Seeing is believing? Quite so. With that terms in our mind, we always tend to get to know what is going on in our applications before we realize the best-and-perfect solution for our application domain. “Min-Max-ing” our applications will consumes a lot of time tinkering with it. That’s the thing where the challenges came up to Software Craftsmanship domain, As we often making a product without further preparations about the scalability involved, usually when we’re at early stages
Scaling will always be a classic problem to any tech company. Tokopedia as one of the leading Marketplace in Indonesia also embracing scaling as a daily dose for their engineer. Even at early 2018 we were given a challenge in scaling. We have to stretch our service capability to support our peak usage during our Big Promo: Ramadhan Ekstra. Yes, in less than 3 month we have to maximize our capability to handle upcoming ~10 times traffic!
And how we did that? Every team has their own story, but I will tell how we managed to do that in Tokopedia “Discussion Feature”.
Discussion Feature Overview
It is obvious that In Tokopedia, tons of product was sold by vast seller. In Discussion Feature, we let buyer communicate with seller about a product that interest buyer with creating Talk. Seller can giving response by adding comment to a buyer question. Both buyer and seller ongoing discussion all listed in Inbox Talk page.
Keeping fast growing records of gazillion discussion with all of comments were never been small problems. After running for years, that feature got an ache. Sometimes, it feels like forever just to load discussion. But at the worst, Discussion Feature falling in downtime.
Thorough Problem Analyzing
Before took a big step, we first analyzed what was the problem with our service that serve Discussion Feature. We take a look, what was blocking our service for get the best out of it? Is it the query, is it the infrastructure, or is it the code?
Of course random guessing won’t take us anywhere, that is not the way way we getting know better the limitation of our service. We are not barbaric, we use a measured way to ensure the reliability of our service by relate it with our most basic problem.

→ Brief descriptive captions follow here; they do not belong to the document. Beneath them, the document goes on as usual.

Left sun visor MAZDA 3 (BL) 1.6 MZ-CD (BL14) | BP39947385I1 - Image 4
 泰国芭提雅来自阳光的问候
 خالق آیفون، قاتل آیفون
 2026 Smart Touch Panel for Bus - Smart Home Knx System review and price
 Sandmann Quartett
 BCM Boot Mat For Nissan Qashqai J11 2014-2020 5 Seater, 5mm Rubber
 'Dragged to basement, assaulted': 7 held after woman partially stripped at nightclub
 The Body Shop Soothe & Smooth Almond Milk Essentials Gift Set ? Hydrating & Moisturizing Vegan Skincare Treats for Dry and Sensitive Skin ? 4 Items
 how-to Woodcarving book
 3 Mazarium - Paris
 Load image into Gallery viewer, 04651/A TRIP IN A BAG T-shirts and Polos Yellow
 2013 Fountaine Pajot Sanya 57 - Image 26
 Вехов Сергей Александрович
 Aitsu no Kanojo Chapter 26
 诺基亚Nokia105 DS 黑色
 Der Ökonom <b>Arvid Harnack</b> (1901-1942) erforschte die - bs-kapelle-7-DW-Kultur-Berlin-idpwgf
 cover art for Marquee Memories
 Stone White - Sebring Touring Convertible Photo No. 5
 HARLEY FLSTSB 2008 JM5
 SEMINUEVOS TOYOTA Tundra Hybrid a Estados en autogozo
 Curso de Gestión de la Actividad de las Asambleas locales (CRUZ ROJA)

The first problem to be solved was, ”users are impatient”. Loading time has to be short enough so users won’t be annoyed. We applied Open Tracing to track latency for each API. We break down the usage of each process to ensure no bottleneck or sluggish function that will make our service couldn’t perform well.
As for the second problem, remember what Thanos say?“This universe is finite. Its resources, finite”.That also applied to our server resource. It is limited and has to be used efficiently. Server usage has to stick at it optimal usage, cost wise.
Thank God, Golang was provided with profiling tools that help us break down our service’s usage in resource. One of our most usage of Golang profiling was to measure which process that consume most of server’s CPU resource.
Even though basic profiling tools will do, our Test Engineer help us by provide an automated profiling in a relatively short interval. (You are the best, guys!)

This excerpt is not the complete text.